798 S.E.2d 598
Va.2017Background
- Manu was injured as a passenger in a multi-vehicle accident; he had $25,000 UM coverage with GEICO; Boateng (driver) had $25,000 liability coverage; medical bills exceeded GEICO’s UM limit.
- Manu sued Boateng and an unknown John Doe; discovery implicated John Doe as the cause; GEICO elected to defend John Doe in the liability action.
- Manu settled with Boateng for $25,000, went to trial against John Doe, obtained a jury verdict and judgment of $68,528.24 against John Doe; GEICO paid its $25,000 UM limit after judgment.
- Manu sued GEICO under Va. Code § 8.01-66.1(D)(1), alleging GEICO acted in bad faith by refusing to settle his UM demand for the policy limit before judgment and sought extra-contractual remedies (double interest, attorney’s fees).
- The circuit court initially overruled GEICO’s demurrer but later granted reconsideration, sustained the demurrer with prejudice, and dismissed Manu’s complaint; this appeal followed.
Issues
| Issue | Plaintiff's Argument | Defendant's Argument | Held |
|---|---|---|---|
| Whether Va. Code § 8.01-66.1(D)(1) creates a pre-judgment duty on UM carriers to evaluate/settle an insured’s UM demand | Manu: § 8.01-66.1 imposes a duty of good faith to adjust/settle UM claims before insured obtains judgment | GEICO: No pre-judgment duty; a UM carrier’s obligation to pay is governed by § 38.2-2206 and arises only after insured obtains judgment against the uninsured tortfeasor | Held: No. § 8.01-66.1 provides a remedy for bad faith only where insurer has a present contractual obligation to pay; for UM policies, that obligation arises only after judgment, so no statutory duty to settle pre-judgment |
| Whether § 8.01-66.1 applies to UM policies (i.e., is it limited to first-party claims?) | Manu: § 8.01-66.1 applies to UM claims and creates a good-faith obligation pre-judgment | GEICO: The statutory protection is for first-party claims and does not create a pre-judgment UM duty | Held: § 8.01-66.1 applies to UM policies insofar as it provides a remedy for bad faith, but a UM “claim” is not ripe until judgment is obtained; the statute does not independently create a pre-judgment duty |
Key Cases Cited
- Willard v. Aetna Cas. & Sur. Co., 213 Va. 481 (holding UM insurer not liable on endorsement until judgment against unknown defendant)

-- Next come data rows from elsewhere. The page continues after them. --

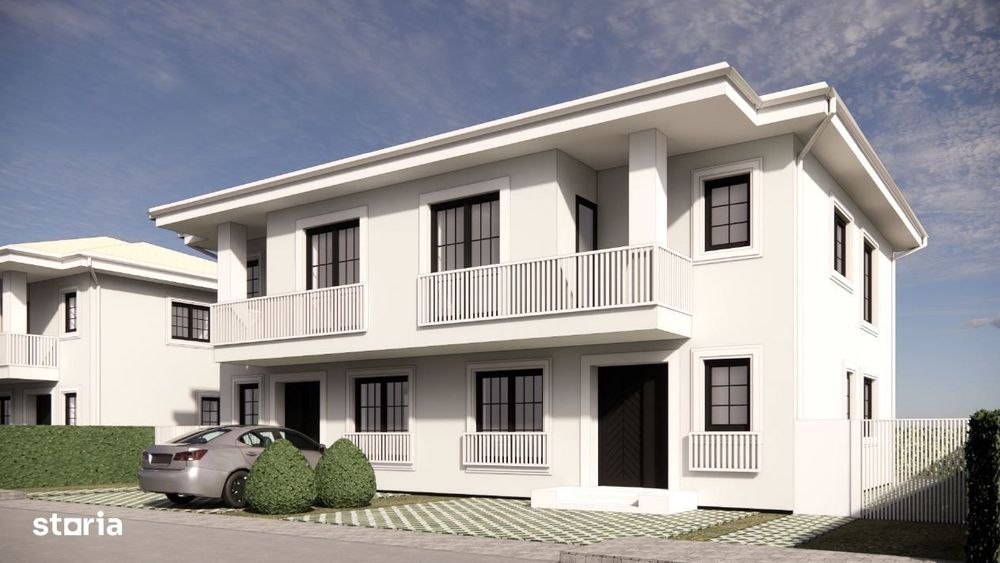Vanzare Duplex 4 Camere - Curte Privata, Parcare - Sura Mica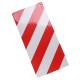 Samoprzylepny piankowy ochraniacz słupka do garażu CAR PARK GUARD POLE 1, 18x38x1,5cm, 2ks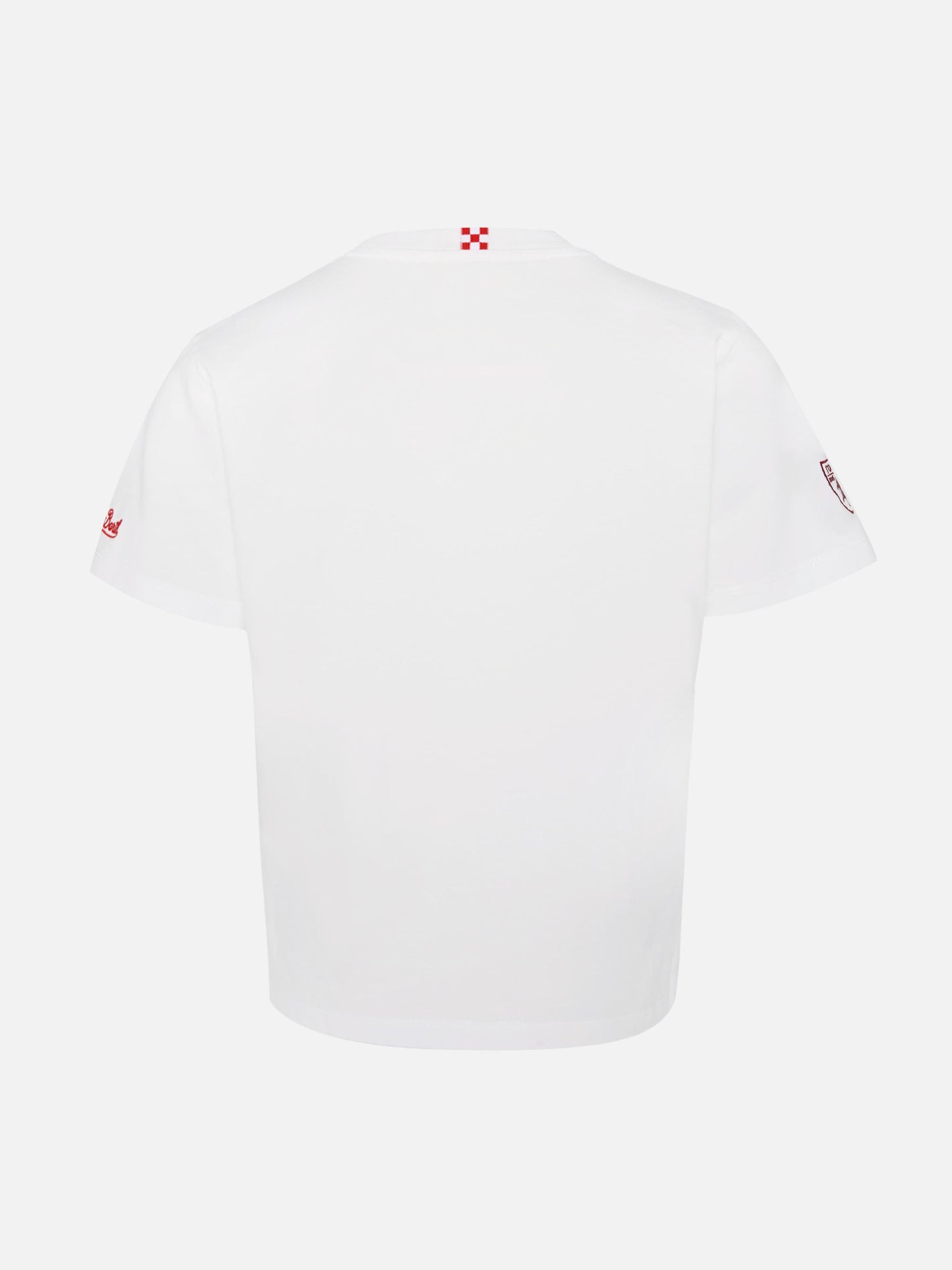 Portofino Jr t-shirt in jersey di cotone con ricamo il Torino è la mia Lei | TORINO FC SPECIAL EDITION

- Midwest Mut. Ins. Co. v. Aetna Cas. & Sur. Co., 216 Va. 926 (interpreting “legally entitled to recover” requires judgment to determine entitlement)
- Aetna Cas. & Sur. Co. v. Dodson, 235 Va. 346 (discussing scope of UM coverage and threshold enforceability issues)
- Colonial Ins. Co. v. Rainey, 237 Va. 270 (addressing coverage scope; discussions on entitlement treated as dicta)
- State Farm Mut. Auto. Ins. Co. v. Kelly, 238 Va. 192 (reaffirming judgment as the event determining legal entitlement to recover under UM statute)
- Nationwide Mut. Ins. Co. v. Hylton, 260 Va. 56 (UM carrier’s right to participate in liability trial does not make it a party or create payment obligations)
- United States Auto. Ass’n v. Nationwide Mut. Ins. Co., 218 Va. 861 (distinguishing liability carriers’ duty to settle from UM carriers’ lack of such a duty)
Outcome: Judgment affirmed; no cognizable § 8.01-66.1 bad-faith claim for pre-judgment failure to settle UM demand.